Thursday, January 5, 2023

Working around Dobbs

This week, the Food & Drug Administration made a small legal change in its classification of the drug mifepristone, and the Department of Justice confirmed that the drug can be sent through the mail.

Mifepristone is a drug that can be used for the treatment of high blood sugar, but it can also be used off-label to inhibit the hormone progesterone, which is necessary for maintaining pregnancies. Along with another drug, misoprostol, which causes contractions, it can be used to medically induce abortions.

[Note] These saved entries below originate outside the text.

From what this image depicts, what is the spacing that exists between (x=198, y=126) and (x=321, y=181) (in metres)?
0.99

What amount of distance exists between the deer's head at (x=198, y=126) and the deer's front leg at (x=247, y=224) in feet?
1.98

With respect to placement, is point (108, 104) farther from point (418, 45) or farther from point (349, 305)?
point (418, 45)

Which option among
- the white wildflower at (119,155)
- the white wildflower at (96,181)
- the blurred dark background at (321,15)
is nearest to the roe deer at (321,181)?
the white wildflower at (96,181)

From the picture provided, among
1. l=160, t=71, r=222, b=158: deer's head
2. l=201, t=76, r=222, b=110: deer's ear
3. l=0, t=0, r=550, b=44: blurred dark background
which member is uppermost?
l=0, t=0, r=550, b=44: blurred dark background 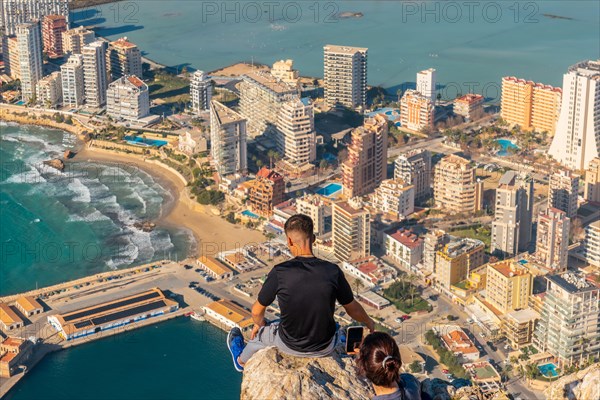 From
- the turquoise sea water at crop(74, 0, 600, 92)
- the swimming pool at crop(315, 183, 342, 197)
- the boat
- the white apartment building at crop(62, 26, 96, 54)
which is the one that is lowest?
the boat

The mifepristone-misoprostol combination is already used in over half of abortions performed in the United States, with demand only increasing since the Supreme Court adopted Christian fundamentalist theory crafting and revoked the right to abortion last June.

Mifepristone has been used in Europe since the 1980s (my generation called it “RU-486,” and every sex-ed teacher reminded us that it “does not prevent AIDS”). [...] But until now it had only been available in-person at a clinic or doctor’s office.

This week, the FDA abandoned that restriction and instituted a change that will allow the pill to be obtained at local pharmacies, or by mail, with an ordinary prescription.

  Elie Mystal @ The Nation
Assume GOP state legislatures will go to work to stop that ASAP, if they haven't already.
In forced-birth states, many of the bans targeting abortion providers also prohibit the use of abortion drugs like mifepristone. One challenge for the big-chain pharmacies that might carry the drugs, like CVS or Walgreens, is that they will likely need to have different rules for different states.

[...]

Part of the agreement with the drug’s manufacturers includes pharmacies’ not publishing the names of doctors who prescribe the medication, to protect those doctors’ safety. But that also means that pharmacies cannot list the names of prescribing doctors in their nationwide databases, which they commonly do. And that doesn’t even get into the threats that these companies might face if they provide the medication, including in states where it is legal.
Sounds like mail order will be the best way to get the drug.
The Office of Legal Counsel issued a memo at the request of the DOJ saying that shipping abortion medication through the mail is legal, even after the Supreme Court’s ruling in Dobbs. The memo related to a provision of the Comstock Act that prohibits the mailing of any “article or thing designed, adapted, or intended for producing abortion, or for any indecent or immoral use.” The Comstock Act was passed in 1873 at the behest of a self-styled anti-vice crusader named Anthony Comstock. It’s essentially an anti-“obscenity” law—because Comstock was one of those dudes who was willing to throw away freedom and liberty every time he saw an exposed nipple—but it has been regularly used by conservative forces to curtail access to abortion and contraceptive medications. The Comstock Act was once used to prevent the distribution of birth control pills, but it was defanged by the Supreme Court case that recognized a right to privacy and a right to contraception, Griswold v. Connecticut.

[...]

The OLC memo provides some cover to out-of-state activists who are trying to get medicine into the hands of those who need it.

[...]

No legal workaround can replace a constitutional right. Women and pregnant people will be at risk as long as the fundamentalist Supreme Court and Republican lawmakers are allowed to be in charge of reproductive health. But after decades of Republican politicians restricting abortion access and Democratic politicians failing to do enough to restore them, it feels like the Democrats have at least joined the battle.
I fully expect this Supreme Court to accept a lawsuit that will attack Griswold

UPDATE 1/11:  Alabama AG plans to prosecute women who use these pills under an Alabama chemical-endangerment law intended to protect children from meth lab fumes.